Auckland was benchmarked in 2024 (The State of the City Benchmarking Tāmaki Makaurau Auckland’s international performance), against Vancouver, Portland, Austin, Dublin, Copenhagen, Helsinki, Tel Aviv, Brisbane and Fukuoka as comparable cities.
Oxford ranked eight of the comparables higher. Vancouver (37th), Portland (50th), Austin (47th), Dublin (13th), Copenhagen (18th), Helsinki (38th), Tel Aviv (36th), Brisbane (23rd) with Fukuoka the exception, coming in at 205th.
Auckland has lost ground. A common denominator is Auckland’s low rankings for the economy and quality of living. But so has the nation when you look at GDP per capita ranking, which is in the lower quartile of the OECD.
It all starts and ends with productivity
Forget about grand visions. Think small to stand tall. Focus on productivity. We all know the stats. Productivity used to average 1.4% a year in New Zealand. The decade average is now 0.3%. Lacking productivity translates into an income problem, which magnifies cost-of-living pressures.

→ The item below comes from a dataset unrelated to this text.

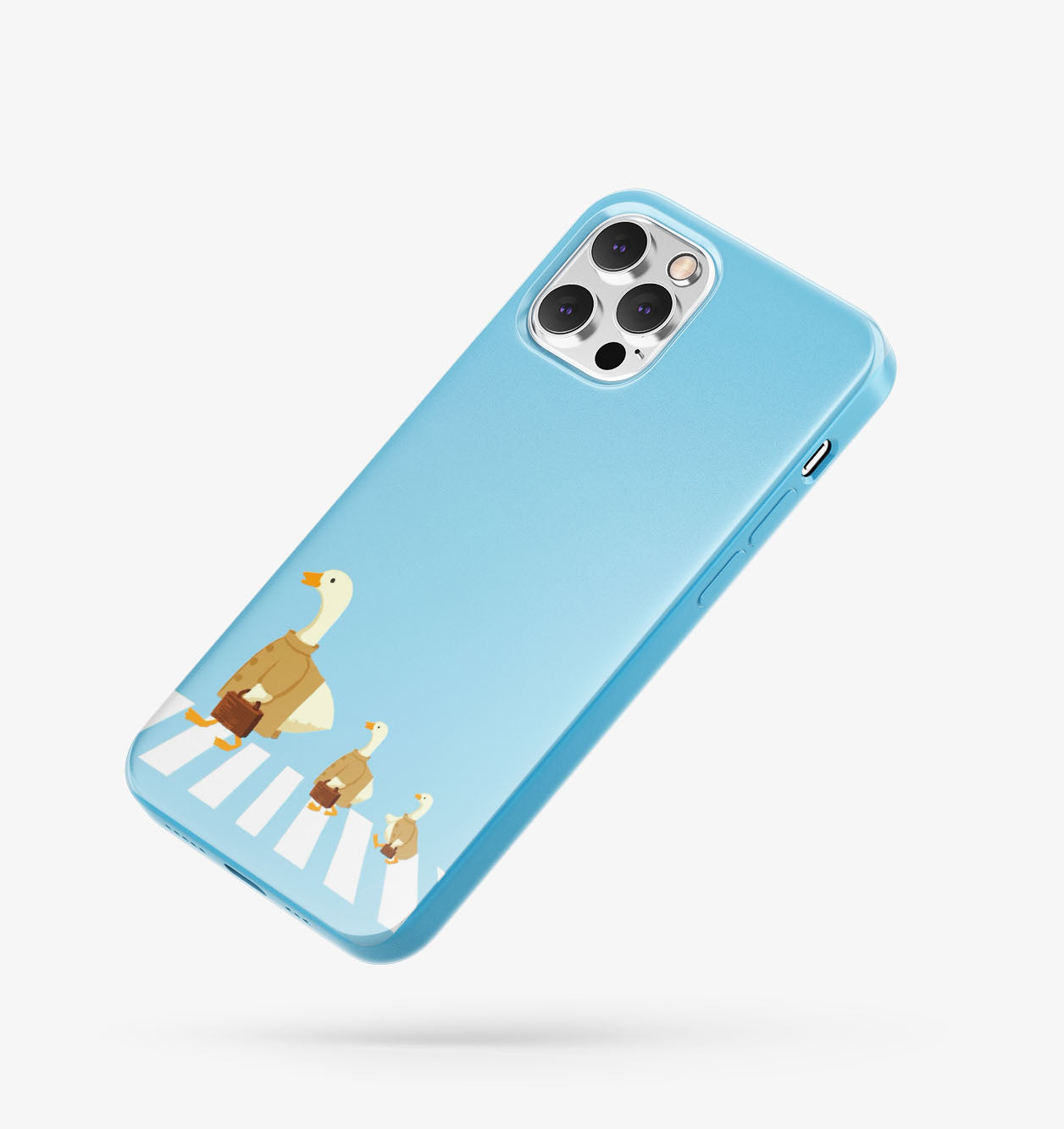 Ördek Desenli İçi Kadifeli Telefon Kılıfı (Y59)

The enablers are not sexy or grand. They are competition, innovation, AI, digitisation, quality infrastructure spend, red tape, and education. Signs are promising in some areas (education), sub-par in others (AI embracement), flip-floppy in others (necessary housing intensification) and downright disappointing when it comes to competition policy.
There are supposedly some exceptions to New Zealand’s productivity trend. Annual average labour productivity growth in Auckland city centre over the last 20 years (1.6%) has been double that of the rest of New Zealand (0.8%), according to the July 2025 edition of the Auckland Economic Monitor.
The city centre has apparently kept this up since 2019, with the city centre’s productivity premium over the rest of New Zealand rising from 21% in 2004 to 40% in 2024. Agglomeration economics can work. If you want agglomeration economics to work, look no further than having a major proportion of your population around the CBD or easily accessible to it. And that requires transport infrastructure. Much hope is being placed on the City Rail Loop but Auckland suffers from not having a broader rapid transport system.
The bottom line
Beware the promise or the allure of magic potions. They tend to be snake oil. No grand vision for Auckland will ever work if we do not have a productivity and income story to back it up. Get the foundation right before you build the house.
My big hope this year is that New Zealand moves towards the political centre, going against the trends we are seeing globally. With that, the prospect of real long-term decision-making becomes more feasible.